The UCO Collection Challenge
The two failure modes in UCO collection are collecting too early (wasted vehicle trips) and collecting too late (overflow risk, compliance exposure, dissatisfied customers). Both are expensive. Both stem from the same root cause: incomplete visibility into what's actually happening at each collection point.
UCO operators typically manage hundreds of container sites across a geographic territory. Fill rates at each site vary by the type of customer, volume of cooking activity, and time of year. A fast food site generates oil consistently; a canteen operates on term time; a wedding venue has dramatically uneven production. Without up-to-date level data, collection scheduling is either conservative — too many trips — or optimistic, with occasional overflow incidents.
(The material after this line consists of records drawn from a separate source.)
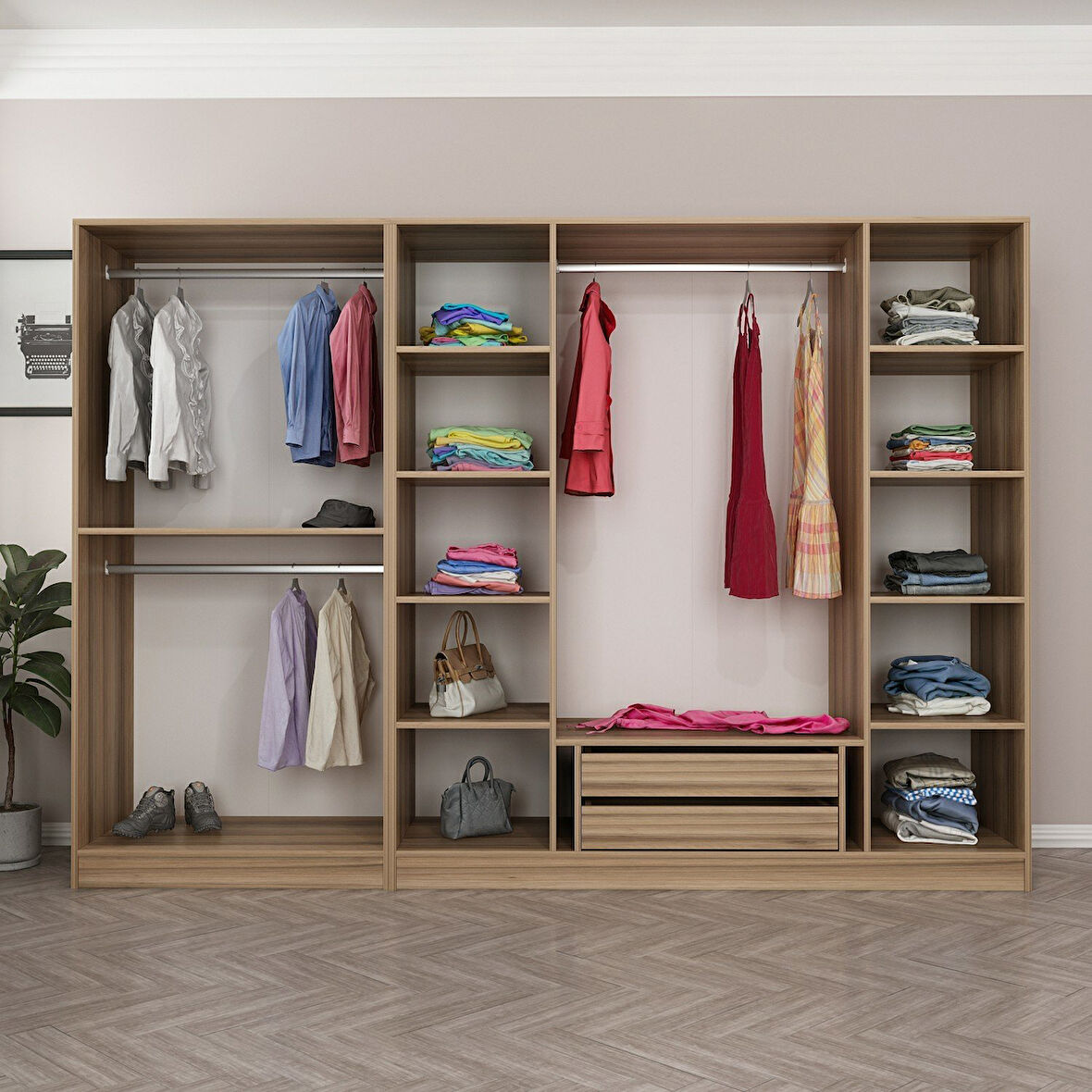 Minar Kale 6 Bölmeli 2 Ç Giyinme Dolabı Dore 190CM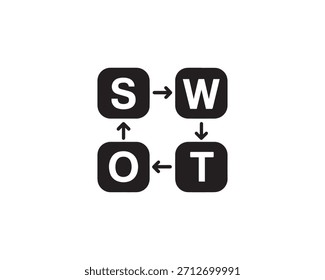 Swot Analysis-Symbol Silhouette, Vektordesign-Illustration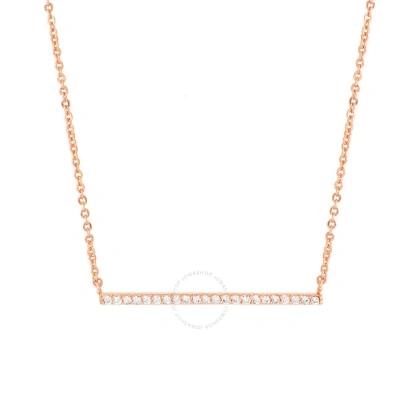 Elegant Confetti Women's 18k Rose Gold Plated Cz Simulated Diamond Bar Necklace In Rose Gold-tone
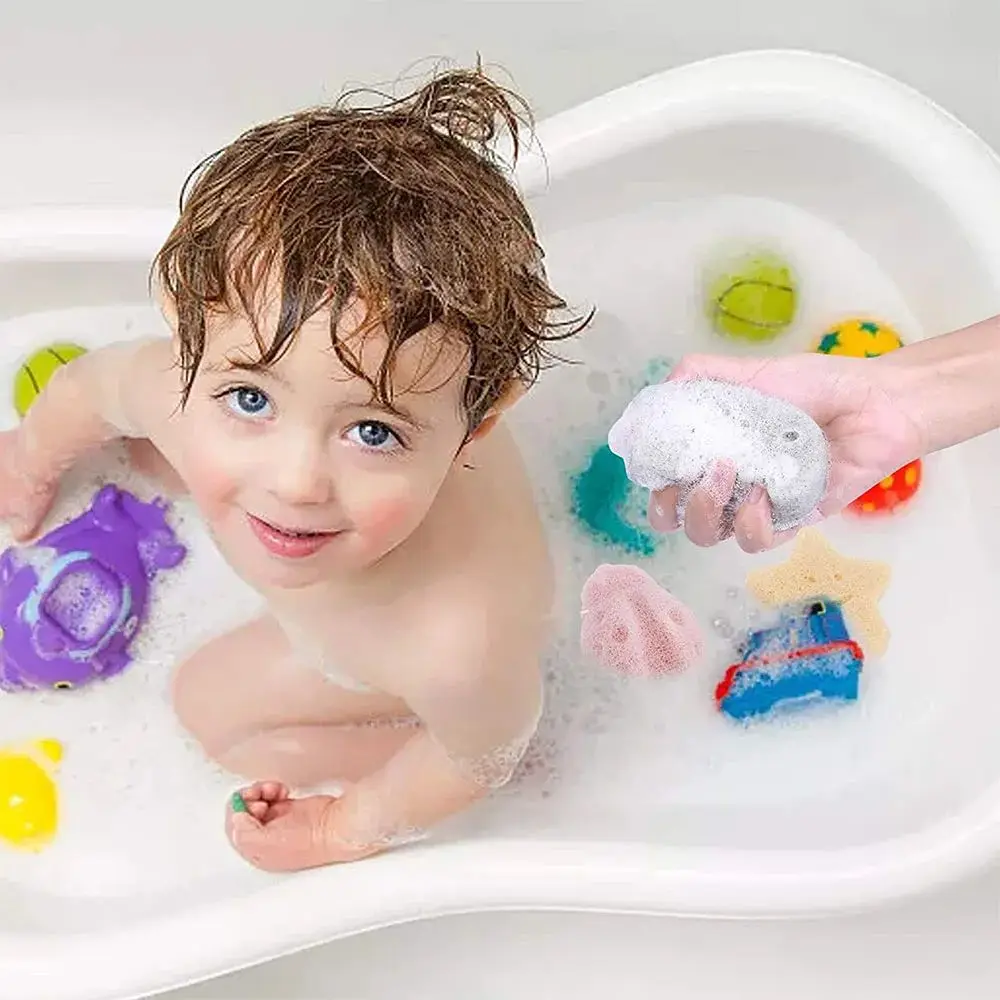 Brinquedos animais bonitos da esponja do bebê para o banho, crianças naturais dos miúdos, tempo do chuveiro do banho da criança, formas konjac brinquedos do banho do bebê esponja da banheira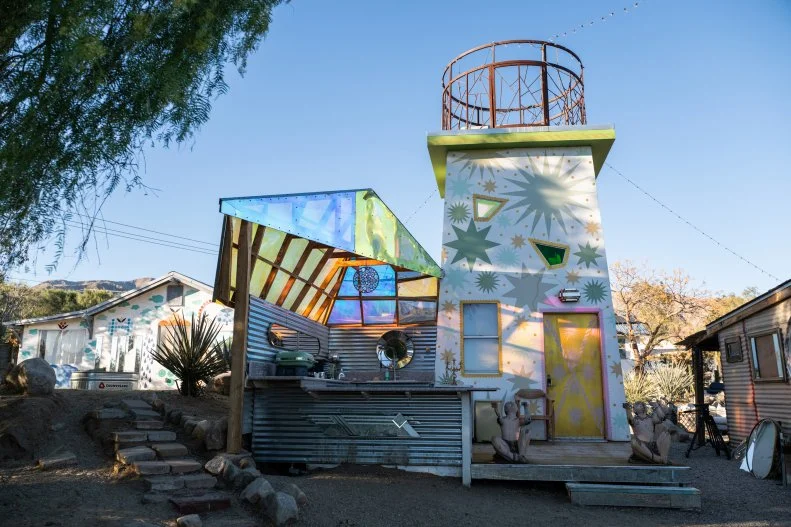 outdoor kitchen and tower at Kaleidoscope Desert in the Mojave Desert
The result is a persistent efficiency problem. Most operators plan collections on fixed schedules — weekly rounds or calendar-based intervals set without reference to actual container fill states. Vehicles go to containers that aren't ready. Other containers reach capacity between visits. Neither failure is visible until it has already cost you a wasted journey or a dissatisfied customer.
How Remote Monitoring Works for UCO Collection
A sensor fitted to each collection container transmits a daily level reading automatically to a central platform. The platform builds a fill rate model for each site — tracking fill levels over a rolling window to build a recent-history forecast for each site. When a container reaches a defined collection threshold, it appears in the service queue.
The service queue replaces a fixed collection schedule with a dynamic one. Vehicles go to containers that are ready, not containers that are due. Collection efficiency — measured in kg collected per vehicle kilometre — improves significantly when routes reflect actual container states rather than calendar intervals.
From Container Level to Collection Planning
In practice: each sensor on a UCO container transmits a daily reading to the FoxPortal. The platform models fill trajectories based on historical patterns and flags containers approaching collection readiness within the planning window. Your operations team builds routes from the current service queue rather than a weekly schedule.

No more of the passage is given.